Captioned web images
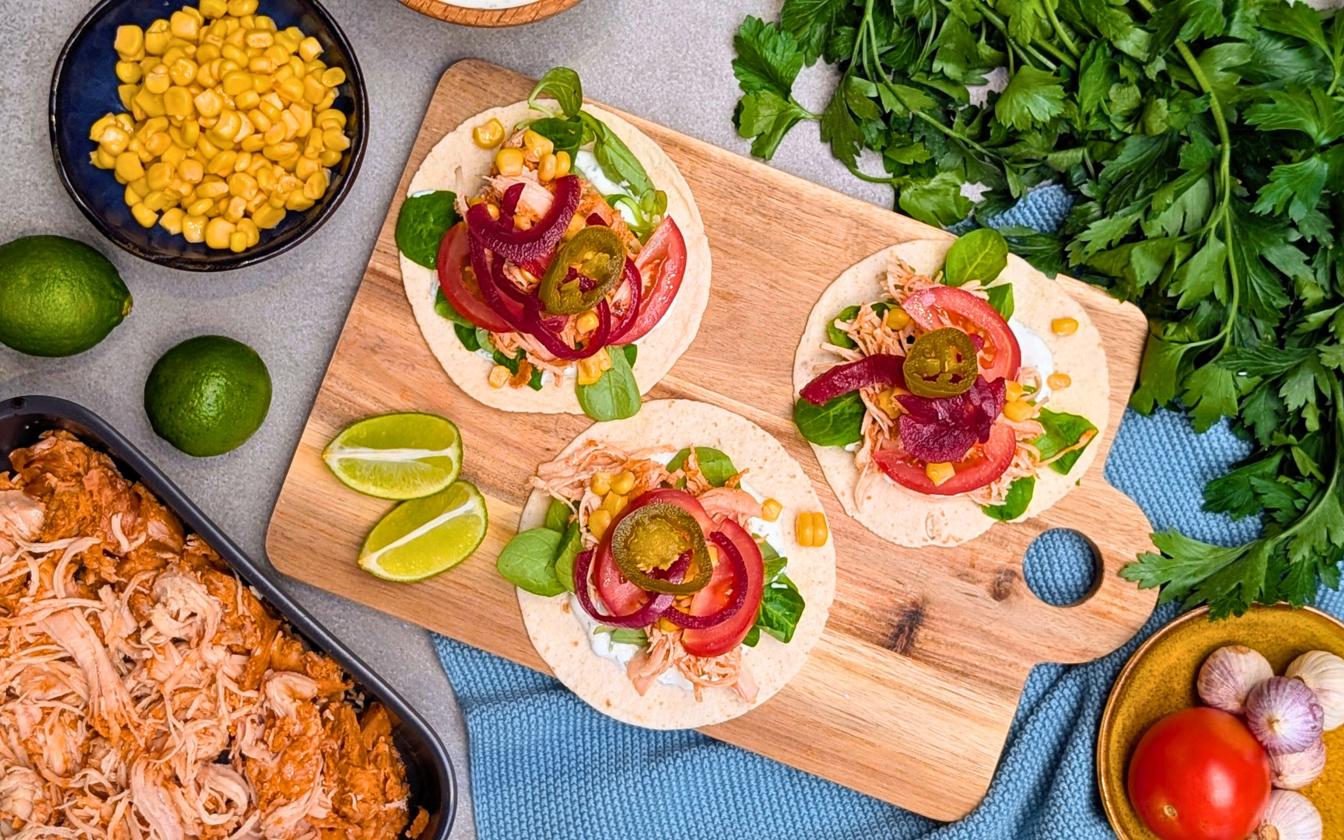 Tacos med pulled chicken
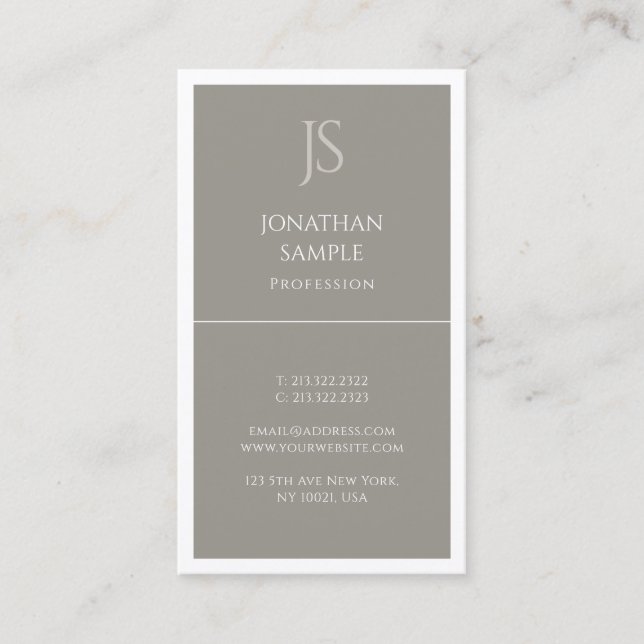 Modern Monogram Elegant Simple Trendy Template Business Card (Front)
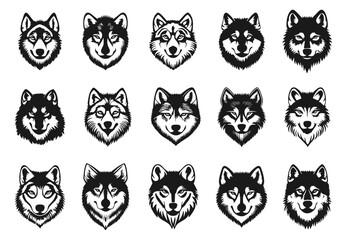 Fototapeta premium Wolf portrait black icons set. Wildlife predator mammal. Front view animal head of forest canine carnivore beast. Black and white simple flat style. Isolated vector clipart on white background
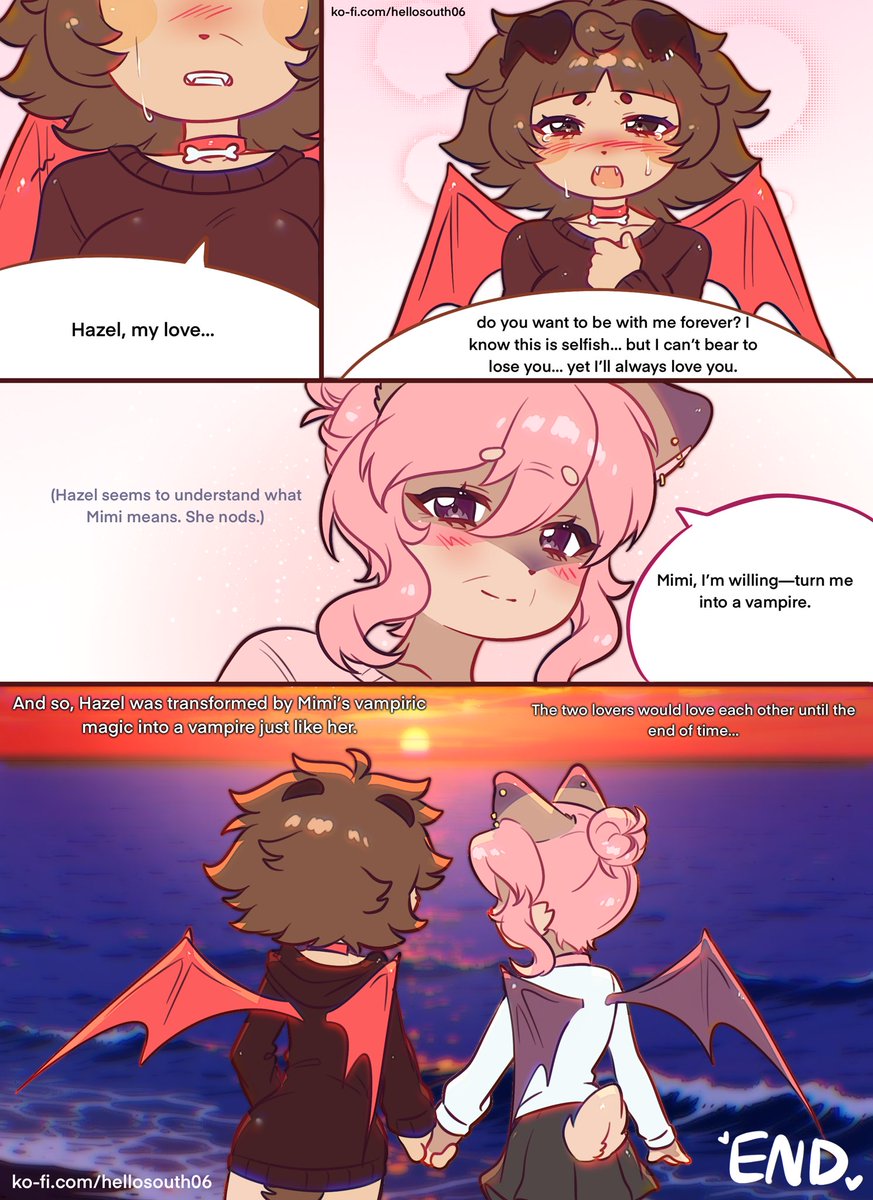 From Hazel’s tears to Mimi’s.
That time, it was out of fear — this time, it’s out of love.
OCs from:<a href="/crispytyph/">🦴Typh🦴</a>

§ **TASK DESCRIPTION**
Copy the records shown above in their entirety and exactly; images are to be left out.

§ **EXERCISE SOLUTION**
 Tacos med pulled chicken
 Modern Monogram Elegant Simple Trendy Template Business Card (Front)
 Fototapeta premium Wolf portrait black icons set. Wildlife predator mammal. Front view animal head of forest canine carnivore beast. Black and white simple flat style. Isolated vector clipart on white background
 From Hazel’s tears to Mimi’s.
That time, it was out of fear — this time, it’s out of love.
OCs from:<a href="/crispytyph/">🦴Typh🦴</a>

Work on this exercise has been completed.